Although they used to be the main recipient of donations, the civil affairs system now receives only around 1% of the country’s total donations. Due to the small amount of donations, the statistic system has gradually neglected the donating announcement. Furthermore a scientific, comprehensive, and credible statistical system for donations received by other organisations has not yet been established, so it is more and more difficult to estimate the total amount of social donations.

On the other hand, China has gradually established a pharmaceutical price benchmark system, and squeezed out artificially inflated prices for medicine. Material donations have accounted for about 30% of total donations over the previous years, out of which 90% were donations of drugs, medical equipment and medical devices. Therefore, the slash in the drug prices has affected the overall statistics on material donations. In a word, the price cut of the medical donations is a major reason for the decline in total donations in 2018.

In 2017 the Chinese government proposed to stop hospitals from self-funding through the sale of medicine, and improve the drug supply security system. This also means that the policy of medicine markups, which was implemented for over 60 years, has formally been withdrawn, thus squeezing out the inflated prices.

Affected by the aforementioned policy, the system of charity federations that mainly receive medicine as material donations will inevitably be affected. Taking part of the donations of medicine received by the China Charity Federation as an example, AstraZeneca-Tagrisso lowered their price per unit of medicine in 2018, reducing the income from their donations by 759 million Yuan this year; Novartis-Tasigna lowered their price per unit of medicine too, and the donation income decreased by 840 million Yuan in 2018; Novartis-Votrient lowered their prices, and their donation income was reduced by 120 million Yuan in 2018; MerckSerono-Erbitux lowered their prices, and their donation income dropped by 220 million Yuan in 2018. In total, donations were reduced by 1.94 billion Yuan. Therefore, the overall amount of donations within the charity system was greatly affected, and its annual income from donations was estimated to be 22 billion Yuan in 2018.
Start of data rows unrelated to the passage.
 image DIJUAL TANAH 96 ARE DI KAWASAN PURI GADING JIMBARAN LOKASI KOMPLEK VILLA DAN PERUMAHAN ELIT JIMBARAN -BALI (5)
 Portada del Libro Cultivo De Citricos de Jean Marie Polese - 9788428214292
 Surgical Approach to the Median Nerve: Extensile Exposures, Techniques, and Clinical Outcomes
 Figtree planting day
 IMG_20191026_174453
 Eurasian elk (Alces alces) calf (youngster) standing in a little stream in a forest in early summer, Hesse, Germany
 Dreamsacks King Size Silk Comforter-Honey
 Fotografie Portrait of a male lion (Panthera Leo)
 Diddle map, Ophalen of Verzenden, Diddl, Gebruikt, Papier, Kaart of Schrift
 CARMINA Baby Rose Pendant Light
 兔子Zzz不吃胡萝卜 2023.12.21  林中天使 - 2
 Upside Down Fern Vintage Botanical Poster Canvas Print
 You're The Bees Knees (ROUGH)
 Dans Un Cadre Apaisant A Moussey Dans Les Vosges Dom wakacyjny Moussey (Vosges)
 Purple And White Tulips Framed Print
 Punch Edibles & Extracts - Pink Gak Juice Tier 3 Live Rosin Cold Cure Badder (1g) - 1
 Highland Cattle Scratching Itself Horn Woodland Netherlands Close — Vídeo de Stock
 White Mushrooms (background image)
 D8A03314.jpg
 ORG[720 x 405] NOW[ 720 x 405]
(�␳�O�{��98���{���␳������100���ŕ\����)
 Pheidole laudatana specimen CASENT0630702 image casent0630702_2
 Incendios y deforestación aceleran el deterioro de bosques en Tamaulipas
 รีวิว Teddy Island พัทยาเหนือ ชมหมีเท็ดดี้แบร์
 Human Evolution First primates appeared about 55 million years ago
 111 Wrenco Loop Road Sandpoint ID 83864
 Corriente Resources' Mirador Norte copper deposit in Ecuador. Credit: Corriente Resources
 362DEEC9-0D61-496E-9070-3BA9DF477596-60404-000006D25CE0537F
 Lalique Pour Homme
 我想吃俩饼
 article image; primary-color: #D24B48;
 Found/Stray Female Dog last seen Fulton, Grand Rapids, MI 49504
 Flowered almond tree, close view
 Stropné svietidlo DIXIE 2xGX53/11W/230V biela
Ten years of the Blue Book of Philanthropy

Chinese philanthropy in 2018 revealed a general trend that reflects the different needs of various entities in the specific historical environment of China and has a wide-ranging impact on social life. The country is in the midst of a great change, of a kind which global politics and economics have not seen in 100 years. Multiple uncertainties lead to frequent contradictions in Chinese social life, which grapples with the confrontation between the new and the old social structures accumulated in the 40 years reform and opening-up.

Yang Tuan believes that philanthropy in the future will be tense, more rigid than flexible; more centralised than decentralised, but it will also grow into a dynamic spiritual force with a tremendous impact. More attention should be paid to the power of philanthropic thought, which should explore the relationship between the various subjects of philanthropy and charity in this new era. More importantly, we should reflect on charitable ethics, organisational construction and historical and cultural essence.

In 2009, Yang Tuan led the team that compiled and published the first edition annual Blue Book of Philanthropy. 2019 marks the beginning of the second decade for this project. Yang Tuan stresses that it is of great significance to choose Chengdu as the host in this year, as China’s modern philanthropy reform actually started from the Wenchuan earthquake relief, while in the past decade Chengdu and Sichuan’s philanthropy has continued to develop and innovate.

Over the past decade, the Blue Book of Philanthropy has always been based on the frontline of national reform and development, observing and grasping the growth trends of charity in China, recording and analysing modern charitable changes in the interaction of politics, the economy, society and culture. Over the years it has become an important reference for people from all walks of life to understand the development and characteristics of modern philanthropy in China.

In Brief

An introduction to the main findings of the prestigious Blue Book of Philanthropy by the Chinese Academy of Social Sciences.